EXTRACTED ENTRIES:
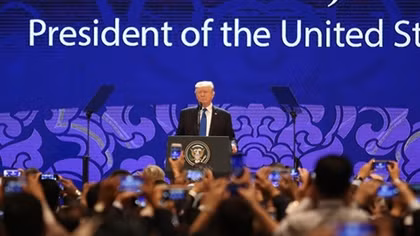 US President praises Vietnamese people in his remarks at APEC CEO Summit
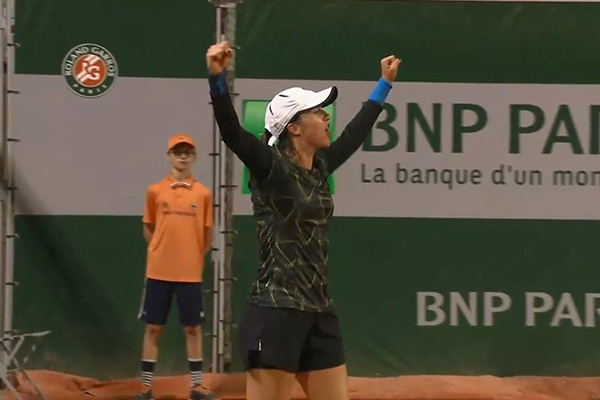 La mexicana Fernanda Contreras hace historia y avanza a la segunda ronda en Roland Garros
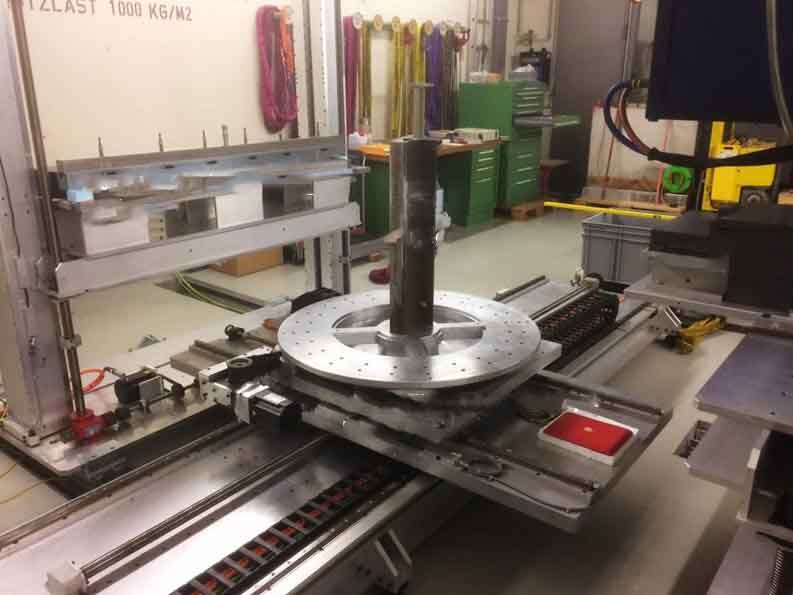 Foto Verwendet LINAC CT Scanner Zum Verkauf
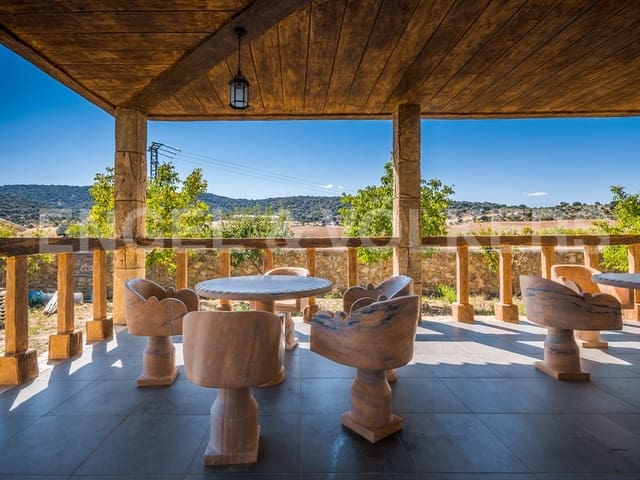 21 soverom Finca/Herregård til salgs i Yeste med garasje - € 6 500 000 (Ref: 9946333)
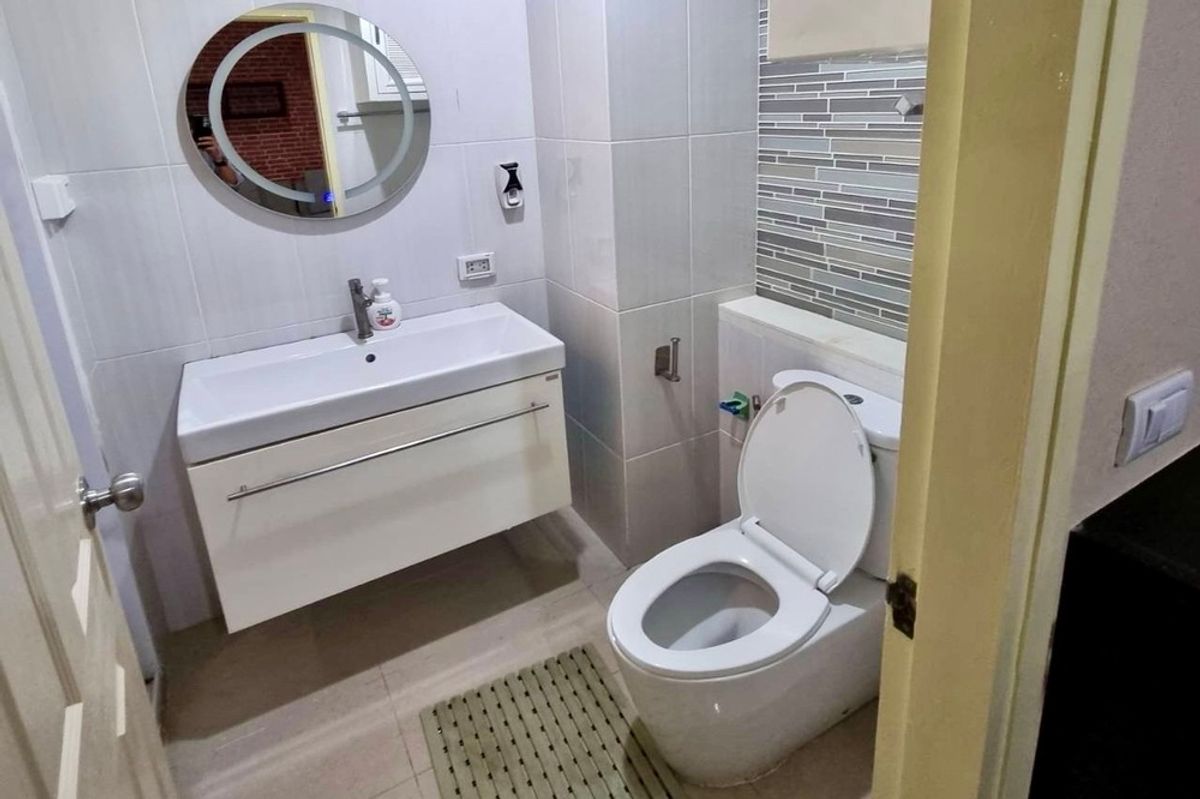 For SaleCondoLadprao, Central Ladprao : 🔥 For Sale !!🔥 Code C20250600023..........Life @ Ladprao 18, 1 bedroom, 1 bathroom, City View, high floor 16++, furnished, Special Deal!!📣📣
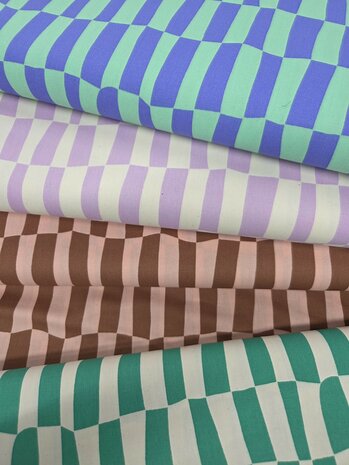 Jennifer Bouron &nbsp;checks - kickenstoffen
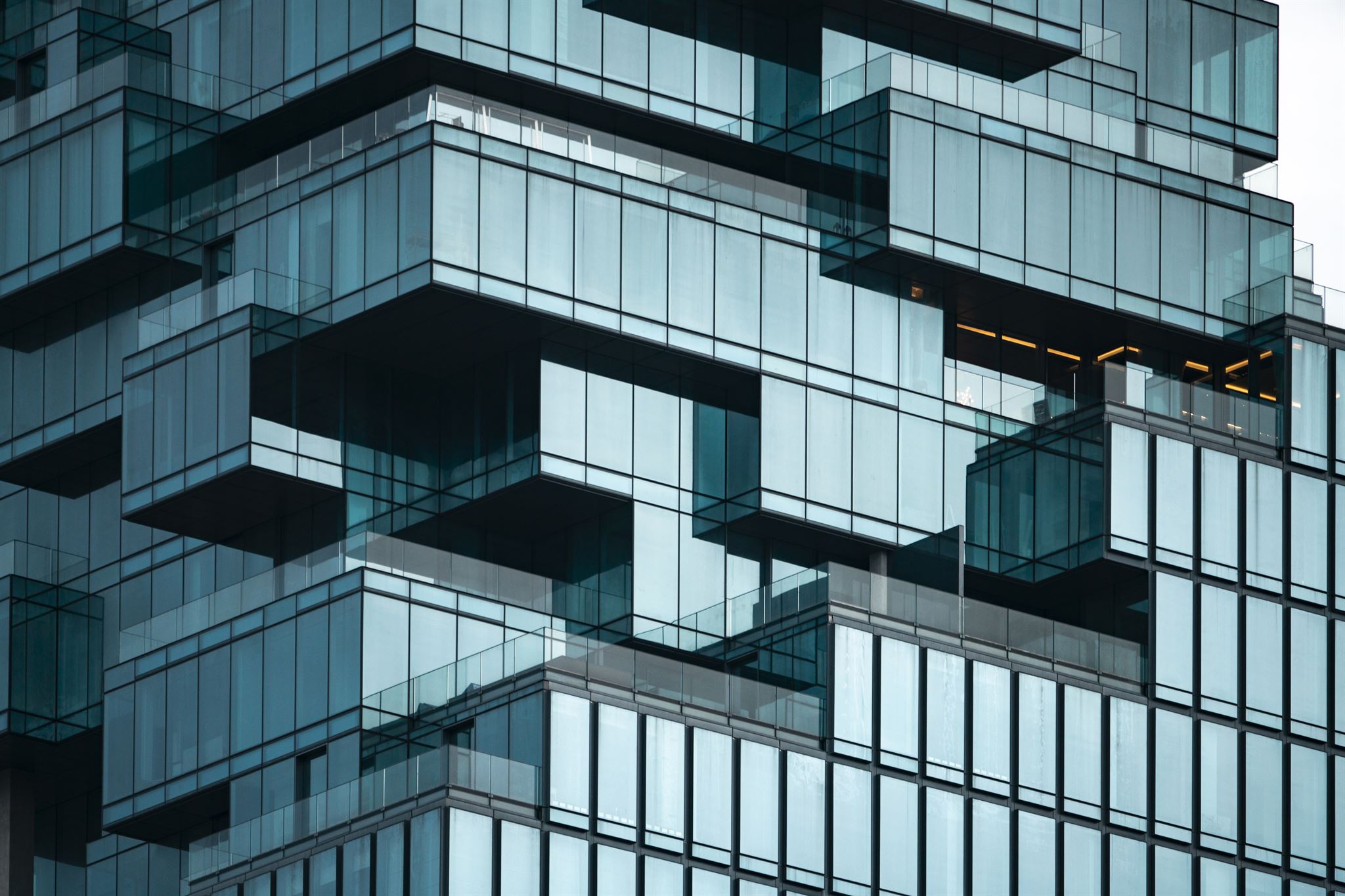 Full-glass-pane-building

...

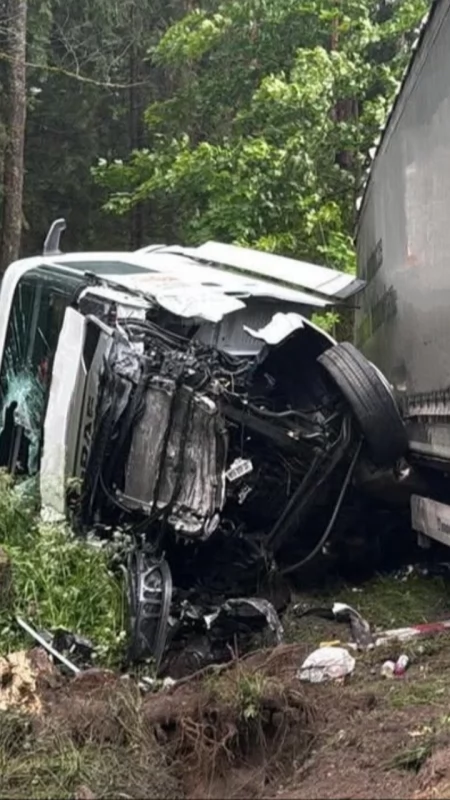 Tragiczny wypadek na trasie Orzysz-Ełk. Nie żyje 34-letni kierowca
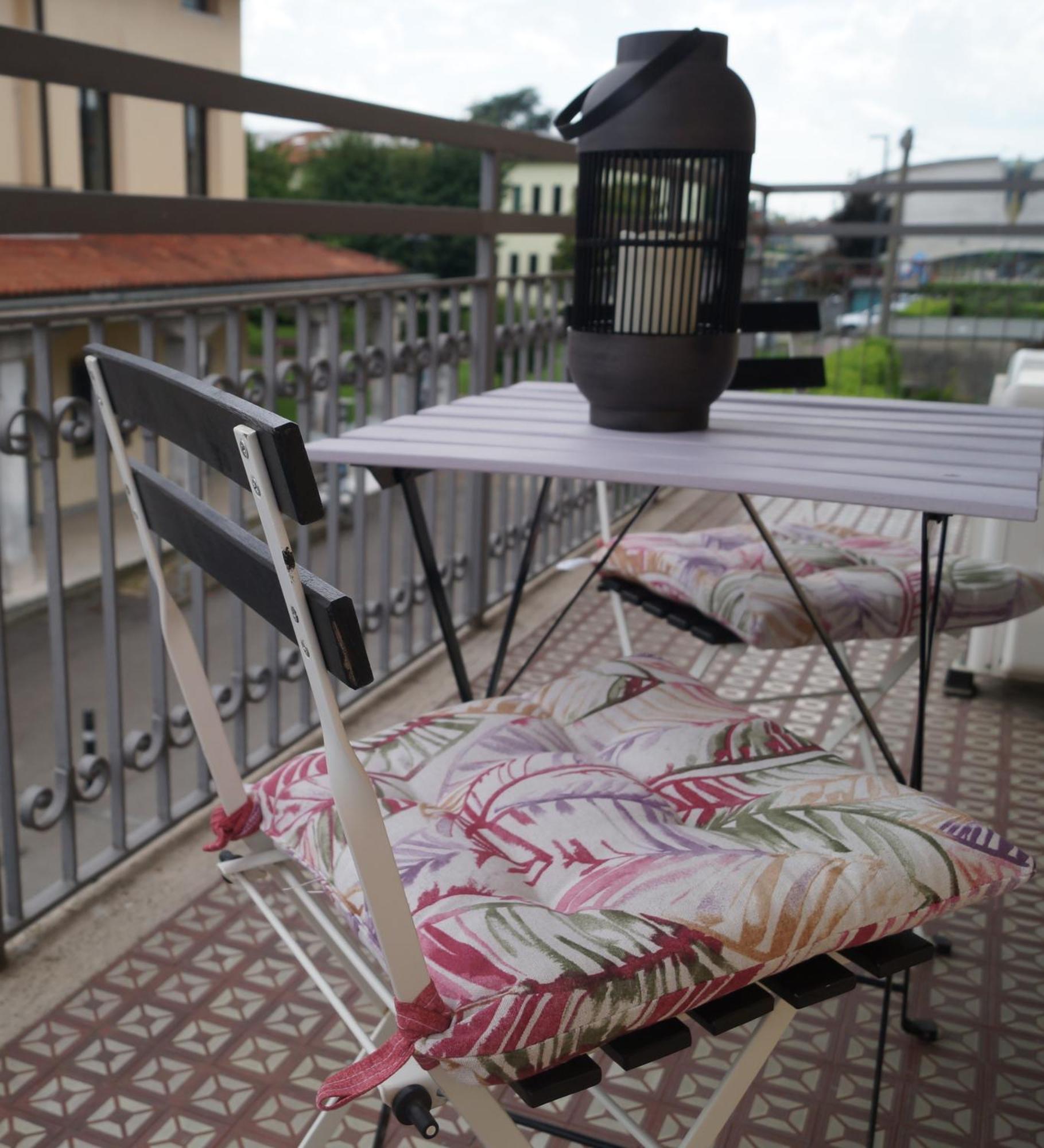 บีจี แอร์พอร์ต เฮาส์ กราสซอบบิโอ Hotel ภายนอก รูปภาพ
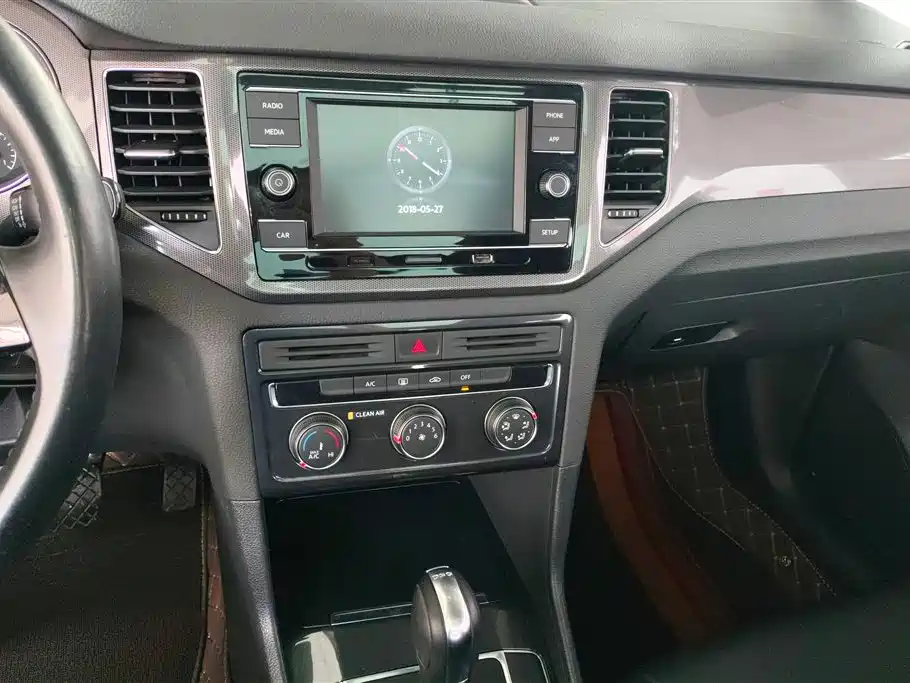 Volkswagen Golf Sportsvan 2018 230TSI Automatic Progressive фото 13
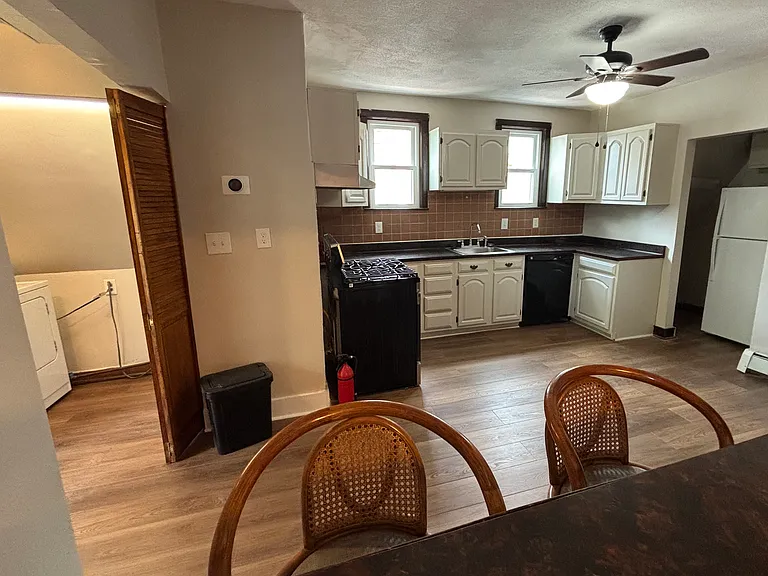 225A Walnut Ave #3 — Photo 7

WHAT THE EXERCISE ASKS: The result should be an exact copy of only the lines above from the one that holds "US President praises" through the one that holds "Full-glass-pane-building", both ends included, without pictures.

EXERCISE ANSWER:
 US President praises Vietnamese people in his remarks at APEC CEO Summit
 La mexicana Fernanda Contreras hace historia y avanza a la segunda ronda en Roland Garros
 Foto Verwendet LINAC CT Scanner Zum Verkauf
 21 soverom Finca/Herregård til salgs i Yeste med garasje - € 6 500 000 (Ref: 9946333)
 For SaleCondoLadprao, Central Ladprao : 🔥 For Sale !!🔥 Code C20250600023..........Life @ Ladprao 18, 1 bedroom, 1 bathroom, City View, high floor 16++, furnished, Special Deal!!📣📣
 Jennifer Bouron &nbsp;checks - kickenstoffen
 Full-glass-pane-building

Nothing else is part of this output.